Featuring Tyler Dunne

There is quite the illustrious list of guest speakers we have had for my JLM 312 class. Mike Vaccaro, Amy Moritz, and Will Leitch, who I have already written about for something else. Then there is Tyler Dunne.

Dunne has one of the coolest jobs in all of sports journalism. He gets to write features on NFL players essentially full time for Bleacher Report. He has written these on several of the NFL’s best players, including Aaron Rodgers, Andrew Luck, and Le’Veon Bell.

When Dunne first started, he thought he wanted to cover a beat. He said that was his dream job. And growing up, his favorite team was the Green Bay Packers. Most people don’t get their dream job so quickly out of college, but Dunne became a Packers’ beat writer for the Milwaukee Journal Sentinel. He also covered the Buffalo Bills for the Buffalo News.

When asked what his favorite athlete he got to cover was, he replied that going down to Mississippi to feature Brett Favre was his career highlight.

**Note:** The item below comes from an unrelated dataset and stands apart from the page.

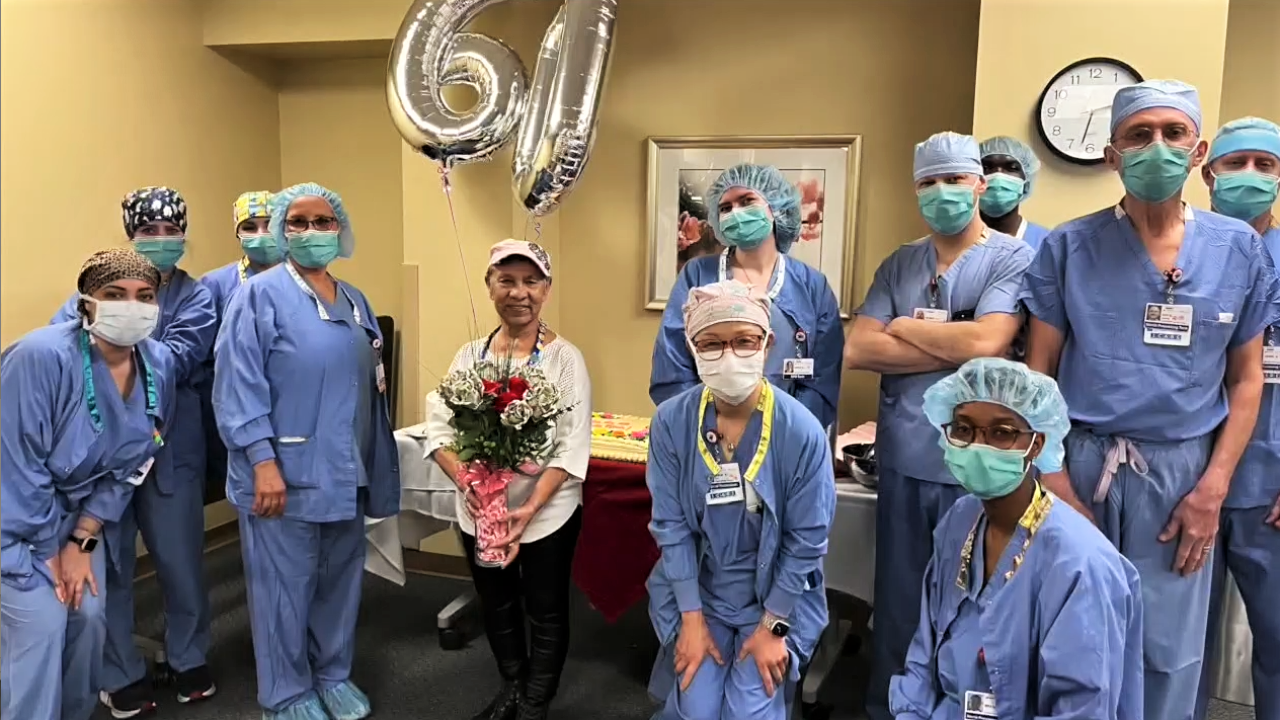 Rose holding a bouquet of flowers and a 60th anniversary balloon, surrounded by medical staff from Rose Medical Center.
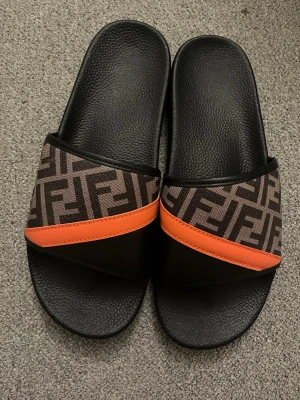 Fendi slides med logomönster och orange detalj - Säljer ett par svarta Fendi sandaler med bred rem i brunt och svart logomönster samt en snygg orange detalj. Sköna att bära med räfflad sula och klassisk öppen design. Perfekta för dig som gillar lyxiga accessoarer och streetstyle.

The most important thing Dunne brought to the class was his personality. He looks rather intimidating, with arms bigger than those of some of the NFL players he’s written about. As soon as he speaks, that intimidation goes away. He has a very warm tone, and is incredibly inviting.

He had a lot of interesting stories to tell about some of the players, including stuff that didn’t make it into his features. He gave nice tips on how to write features, with an interesting insight into how to ethically handle writing features.

For example, he spoke about contacting a player’s family members. Parents have the best quotes about their kids, but he always tries to get family contacts through the player himself. If the player doesn’t want to give away his family’s contact, Dunne is not very keen on going behind someone’s back. He likes to keep the trust, and not violate privacy.

Dunne talked a lot about accountability. When he writes something that makes a player angry, he goes to the locker room the next day and lets the player talk directly to him. He always wants to let the players have a fair representation, and if they have a problem, he isn’t afraid to talk about it.

Dunne seems to be lucky in that he hasn’t really had a bad experience with a player. He said he’s had a few guys who don’t say much, but no one who has been a nightmare.

Tyler Dunne left a pretty big impression on me. For one, I’m very jealous of the job he has. Travelling to just write features on athletes is now a mini dream of mine, and seeing that it is possible is now rather encouraging.

But more importantly, I’ll take away the person he is. He’s a very humble person, and was very inviting to the class to ask questions. I hope to handle my future career with the professionalism and grace of Tyler Dunne.